◆ **Task details**
From the data that follows, print exactly the lines starting at the one containing "Purewell 4-Stage Alkaline" and ending at the one containing "氫燃料電池混合動(dòng)力系統(tǒng)能量管理方法"; include both of them and nothing more.

◆ **Exercise materials**
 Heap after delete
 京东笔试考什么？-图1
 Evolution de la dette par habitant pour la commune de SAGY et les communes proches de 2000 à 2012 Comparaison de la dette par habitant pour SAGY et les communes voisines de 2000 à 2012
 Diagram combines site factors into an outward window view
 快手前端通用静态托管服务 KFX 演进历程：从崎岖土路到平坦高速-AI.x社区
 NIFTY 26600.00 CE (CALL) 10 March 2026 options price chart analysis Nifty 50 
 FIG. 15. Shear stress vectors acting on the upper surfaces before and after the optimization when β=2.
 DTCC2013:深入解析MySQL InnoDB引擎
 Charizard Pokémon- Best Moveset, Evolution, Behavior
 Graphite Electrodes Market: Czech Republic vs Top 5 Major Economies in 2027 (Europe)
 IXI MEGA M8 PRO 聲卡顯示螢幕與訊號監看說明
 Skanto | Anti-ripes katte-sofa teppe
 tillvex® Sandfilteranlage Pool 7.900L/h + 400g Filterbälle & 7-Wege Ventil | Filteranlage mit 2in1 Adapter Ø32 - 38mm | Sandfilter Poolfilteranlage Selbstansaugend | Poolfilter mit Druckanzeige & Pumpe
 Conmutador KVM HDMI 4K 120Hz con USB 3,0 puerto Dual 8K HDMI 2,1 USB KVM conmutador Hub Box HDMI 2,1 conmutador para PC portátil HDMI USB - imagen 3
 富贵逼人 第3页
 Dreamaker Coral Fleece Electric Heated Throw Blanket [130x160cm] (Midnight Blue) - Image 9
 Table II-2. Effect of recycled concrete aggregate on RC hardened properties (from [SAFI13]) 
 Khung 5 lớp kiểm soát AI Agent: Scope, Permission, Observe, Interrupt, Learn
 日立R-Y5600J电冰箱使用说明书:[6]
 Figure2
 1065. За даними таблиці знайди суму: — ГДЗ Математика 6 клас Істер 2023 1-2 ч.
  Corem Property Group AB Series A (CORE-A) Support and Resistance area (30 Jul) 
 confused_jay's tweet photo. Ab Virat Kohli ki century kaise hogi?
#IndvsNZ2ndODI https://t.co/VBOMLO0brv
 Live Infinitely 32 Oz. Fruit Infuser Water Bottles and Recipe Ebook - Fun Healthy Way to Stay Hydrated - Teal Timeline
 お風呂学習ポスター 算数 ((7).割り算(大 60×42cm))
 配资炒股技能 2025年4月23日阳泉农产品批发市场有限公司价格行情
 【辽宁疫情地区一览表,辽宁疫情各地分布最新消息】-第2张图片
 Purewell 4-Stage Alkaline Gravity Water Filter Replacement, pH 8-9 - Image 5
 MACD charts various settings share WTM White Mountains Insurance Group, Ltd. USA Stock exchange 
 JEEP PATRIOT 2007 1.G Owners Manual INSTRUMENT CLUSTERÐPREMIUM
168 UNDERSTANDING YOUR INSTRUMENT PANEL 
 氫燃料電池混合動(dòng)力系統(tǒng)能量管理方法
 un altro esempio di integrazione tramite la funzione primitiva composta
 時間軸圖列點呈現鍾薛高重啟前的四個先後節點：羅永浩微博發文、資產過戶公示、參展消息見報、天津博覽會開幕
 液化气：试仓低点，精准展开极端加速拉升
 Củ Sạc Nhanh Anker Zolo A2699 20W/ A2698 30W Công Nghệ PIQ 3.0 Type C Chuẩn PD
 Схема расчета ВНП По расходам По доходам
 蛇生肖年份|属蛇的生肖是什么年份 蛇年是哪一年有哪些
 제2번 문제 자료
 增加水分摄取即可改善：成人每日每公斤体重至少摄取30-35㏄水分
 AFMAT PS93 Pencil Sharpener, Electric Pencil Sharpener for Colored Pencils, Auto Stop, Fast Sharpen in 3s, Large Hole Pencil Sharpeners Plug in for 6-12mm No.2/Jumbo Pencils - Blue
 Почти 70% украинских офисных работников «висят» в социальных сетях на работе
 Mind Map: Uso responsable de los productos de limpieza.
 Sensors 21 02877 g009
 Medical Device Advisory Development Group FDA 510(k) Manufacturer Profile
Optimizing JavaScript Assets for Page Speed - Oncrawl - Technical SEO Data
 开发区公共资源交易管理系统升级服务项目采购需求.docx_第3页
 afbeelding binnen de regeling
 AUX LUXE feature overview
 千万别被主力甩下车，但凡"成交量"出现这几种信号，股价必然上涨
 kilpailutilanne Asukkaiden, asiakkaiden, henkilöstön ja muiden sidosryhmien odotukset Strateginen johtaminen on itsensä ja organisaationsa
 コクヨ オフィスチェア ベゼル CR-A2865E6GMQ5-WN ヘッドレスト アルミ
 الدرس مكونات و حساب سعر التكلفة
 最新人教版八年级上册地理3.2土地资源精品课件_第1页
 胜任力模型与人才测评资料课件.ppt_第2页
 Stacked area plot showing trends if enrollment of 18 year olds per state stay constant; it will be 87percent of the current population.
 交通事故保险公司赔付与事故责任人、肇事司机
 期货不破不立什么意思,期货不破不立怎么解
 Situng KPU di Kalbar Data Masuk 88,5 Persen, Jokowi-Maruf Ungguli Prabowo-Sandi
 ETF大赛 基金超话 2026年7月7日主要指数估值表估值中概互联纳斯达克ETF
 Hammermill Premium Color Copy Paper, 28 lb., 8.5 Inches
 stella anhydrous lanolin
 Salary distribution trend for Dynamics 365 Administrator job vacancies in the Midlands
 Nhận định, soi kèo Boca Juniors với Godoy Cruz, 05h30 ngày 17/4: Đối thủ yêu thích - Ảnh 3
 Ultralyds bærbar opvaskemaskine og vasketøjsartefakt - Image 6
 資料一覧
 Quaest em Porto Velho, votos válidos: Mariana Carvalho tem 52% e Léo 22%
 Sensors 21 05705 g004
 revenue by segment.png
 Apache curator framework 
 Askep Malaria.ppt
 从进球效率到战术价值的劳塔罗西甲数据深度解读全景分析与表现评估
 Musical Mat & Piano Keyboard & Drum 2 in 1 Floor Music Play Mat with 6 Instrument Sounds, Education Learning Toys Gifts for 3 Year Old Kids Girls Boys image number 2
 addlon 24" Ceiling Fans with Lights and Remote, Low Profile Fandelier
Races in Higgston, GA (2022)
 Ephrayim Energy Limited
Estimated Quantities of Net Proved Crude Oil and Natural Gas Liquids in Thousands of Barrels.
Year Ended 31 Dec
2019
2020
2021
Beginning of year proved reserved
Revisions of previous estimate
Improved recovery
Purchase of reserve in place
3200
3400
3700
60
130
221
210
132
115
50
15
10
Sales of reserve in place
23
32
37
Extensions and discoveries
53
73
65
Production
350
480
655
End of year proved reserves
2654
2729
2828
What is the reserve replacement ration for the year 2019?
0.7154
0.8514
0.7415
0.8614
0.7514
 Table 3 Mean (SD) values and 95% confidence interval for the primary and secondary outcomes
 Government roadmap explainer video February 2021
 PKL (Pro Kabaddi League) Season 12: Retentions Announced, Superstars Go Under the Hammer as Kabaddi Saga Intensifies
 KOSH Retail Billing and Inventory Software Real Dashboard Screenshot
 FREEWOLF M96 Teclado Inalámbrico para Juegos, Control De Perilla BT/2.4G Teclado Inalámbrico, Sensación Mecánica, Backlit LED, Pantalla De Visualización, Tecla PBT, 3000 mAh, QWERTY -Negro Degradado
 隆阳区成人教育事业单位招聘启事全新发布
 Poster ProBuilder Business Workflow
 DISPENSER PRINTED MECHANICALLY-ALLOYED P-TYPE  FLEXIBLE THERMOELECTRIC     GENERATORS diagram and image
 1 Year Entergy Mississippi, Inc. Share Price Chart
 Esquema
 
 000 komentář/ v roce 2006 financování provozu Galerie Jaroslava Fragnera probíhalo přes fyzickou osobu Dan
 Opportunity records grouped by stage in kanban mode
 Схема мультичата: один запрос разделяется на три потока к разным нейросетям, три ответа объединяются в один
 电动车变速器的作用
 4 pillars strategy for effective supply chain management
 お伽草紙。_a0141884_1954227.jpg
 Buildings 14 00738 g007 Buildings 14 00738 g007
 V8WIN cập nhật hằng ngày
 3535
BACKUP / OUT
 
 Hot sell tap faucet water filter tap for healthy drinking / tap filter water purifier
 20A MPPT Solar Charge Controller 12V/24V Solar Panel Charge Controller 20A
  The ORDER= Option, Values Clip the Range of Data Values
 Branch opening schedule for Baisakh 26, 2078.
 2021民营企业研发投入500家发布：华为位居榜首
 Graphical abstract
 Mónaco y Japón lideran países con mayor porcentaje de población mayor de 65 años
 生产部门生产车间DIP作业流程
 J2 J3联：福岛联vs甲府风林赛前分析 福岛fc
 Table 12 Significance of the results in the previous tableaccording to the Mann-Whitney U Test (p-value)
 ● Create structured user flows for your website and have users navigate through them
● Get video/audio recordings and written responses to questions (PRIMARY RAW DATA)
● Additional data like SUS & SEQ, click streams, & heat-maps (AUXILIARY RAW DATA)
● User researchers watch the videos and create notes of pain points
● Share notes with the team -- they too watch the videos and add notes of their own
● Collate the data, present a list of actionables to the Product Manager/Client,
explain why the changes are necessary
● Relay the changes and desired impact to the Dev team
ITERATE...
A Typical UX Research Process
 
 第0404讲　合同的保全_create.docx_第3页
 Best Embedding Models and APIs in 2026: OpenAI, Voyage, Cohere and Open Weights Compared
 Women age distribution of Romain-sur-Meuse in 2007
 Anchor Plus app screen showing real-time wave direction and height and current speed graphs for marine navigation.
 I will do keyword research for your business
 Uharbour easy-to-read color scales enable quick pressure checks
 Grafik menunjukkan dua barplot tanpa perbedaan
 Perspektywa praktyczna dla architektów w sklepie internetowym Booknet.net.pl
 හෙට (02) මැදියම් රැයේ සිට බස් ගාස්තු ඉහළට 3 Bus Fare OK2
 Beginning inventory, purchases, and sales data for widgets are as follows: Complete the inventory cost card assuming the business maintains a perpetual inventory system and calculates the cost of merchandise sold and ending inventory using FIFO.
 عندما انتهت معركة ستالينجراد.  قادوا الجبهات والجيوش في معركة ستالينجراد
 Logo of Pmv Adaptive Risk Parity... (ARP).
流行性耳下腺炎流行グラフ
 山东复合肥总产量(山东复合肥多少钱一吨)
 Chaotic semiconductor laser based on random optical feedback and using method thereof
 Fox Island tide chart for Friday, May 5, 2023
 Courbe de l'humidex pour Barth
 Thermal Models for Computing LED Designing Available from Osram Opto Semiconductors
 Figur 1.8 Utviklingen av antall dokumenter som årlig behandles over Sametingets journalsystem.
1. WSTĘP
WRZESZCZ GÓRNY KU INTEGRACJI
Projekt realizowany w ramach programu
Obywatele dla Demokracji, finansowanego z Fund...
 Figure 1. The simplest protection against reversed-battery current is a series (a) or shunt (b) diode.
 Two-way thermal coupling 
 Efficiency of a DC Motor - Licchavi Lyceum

◆ **Solution to this task**
 Purewell 4-Stage Alkaline Gravity Water Filter Replacement, pH 8-9 - Image 5
 MACD charts various settings share WTM White Mountains Insurance Group, Ltd. USA Stock exchange 
 JEEP PATRIOT 2007 1.G Owners Manual INSTRUMENT CLUSTERÐPREMIUM
168 UNDERSTANDING YOUR INSTRUMENT PANEL 
 氫燃料電池混合動(dòng)力系統(tǒng)能量管理方法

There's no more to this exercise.